William James escreveu que “A arte de ser sábio é a arte de saber o que deixar passar”.
Se isso for verdade, Steve Jobs pode ter sido um dos homens mais sábios do fim do século XX. Jobs pode não ter sido um “criador”, mas a sua noção de design toca quase todas as nossas vidas diárias—mesmo se você nunca usou um produto da Apple na sua vida. É difícil pensar em um produto lançado nas últimas décadas que não tenha copiado a estética da simplicidade de Jobs e da Apple.
No meio da década de 70, Jobs saiu da faculdade para viajar pela Índia. Enquanto se recuperava de uma disenteria, ele leu a autobiogfrafia do Iogue Paramahansa Yogananda, que iniciou uma fascinação pela religião oriental que duraria até o fim de sua vida. De acordo com seu amigo Larry Brilliant, “Steve estava flertando com a ideia de se tornar um sadhu”, que quer dizer um ascético que renunciava os bens mundanos.
Apesar disso parecer ser uma escolha de carreira um tanto estranha para alguém que acabou por chefiar uma das empresas de tecnologia mais penetrantes do mundo, esses interesses e essa mentalidade levaram a uma busca eterna por fazer com que as coisas sejam tão simples e óbvias no seu projeto e funcionamento que parecem quase intuitivas de serem usadas de cara.

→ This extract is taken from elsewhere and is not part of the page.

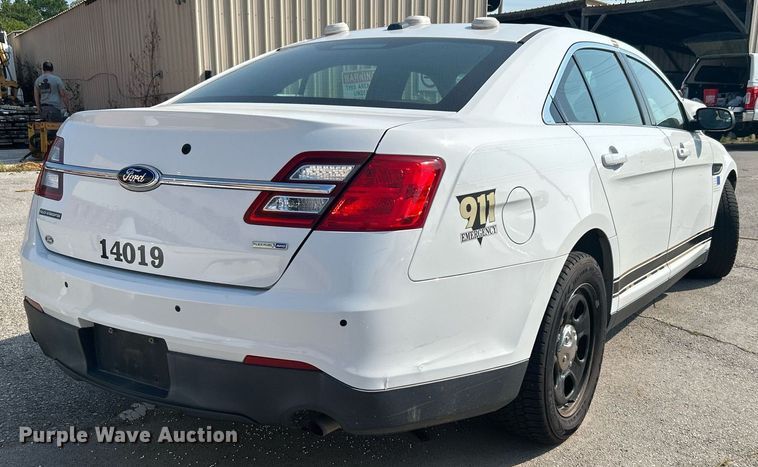image for item MG9988 2014 Ford Taurus Police Interceptor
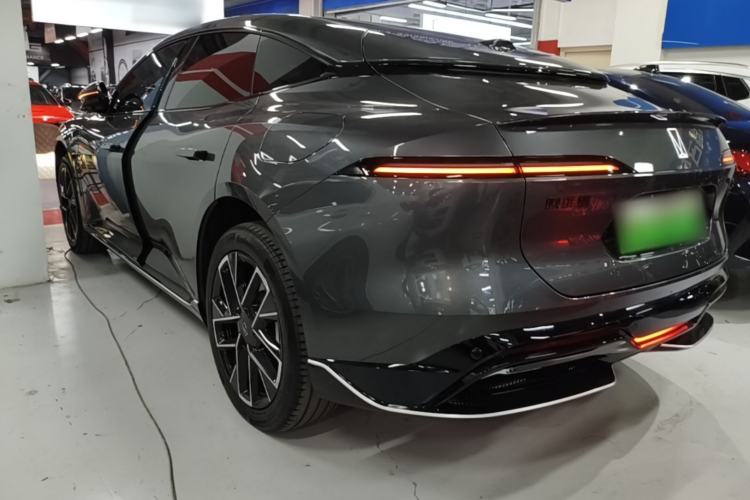 Avatr 06 2025 — 4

1. Simplificar as coisas é mais do que fazer com que as coisas sejam fáceis
Esta simplicidade é a primeira lição que podemos aprender com ele. Simplicidade é mais do que tornar as coisas fáceis. Se fosse esse o caso, iPhones e Macs teriam botões de ligar/desligar. Simplicidade significa antecipar como um usuário perceberá um produto e como o produto fará sentido para as pessoas. Porém, o processo de pegar um produto ou uma ideia nos seus elementos mais básicos e necessários leva tempo. Em 1988, Jobs falou para a Business Week que “Este sempre foi um dos meus mantras—simplicidade. O simples pode ser mais difícil do que o complexo: Você precisa trabalhar muito para limpar o seu pensamento e torná-lo simples. Mas vale a pena no final das contas porque assim que você chega lá, é possível mover montanhas.”
As vidas das pessoas já são complicadas demais. Não queremos ler manuais de instrução sobre como usar um produto. Compramos esse produto, tiramos ele da caixa e queremos usá-lo imediatamente. Então convém a um designer ou a um escritor tirar um tempo para descobrir a mensagem que um produto ou conteúdo está transmitindo e como os clientes estão recebendo essa mensagem. Uma mensagem informativa não será lida se for muito complicada ou confusa. O telefone ou computador mais poderosos do mundo ficarão em uma mesa juntando poeira se for necessário uma graduação avançada para utilizá-los.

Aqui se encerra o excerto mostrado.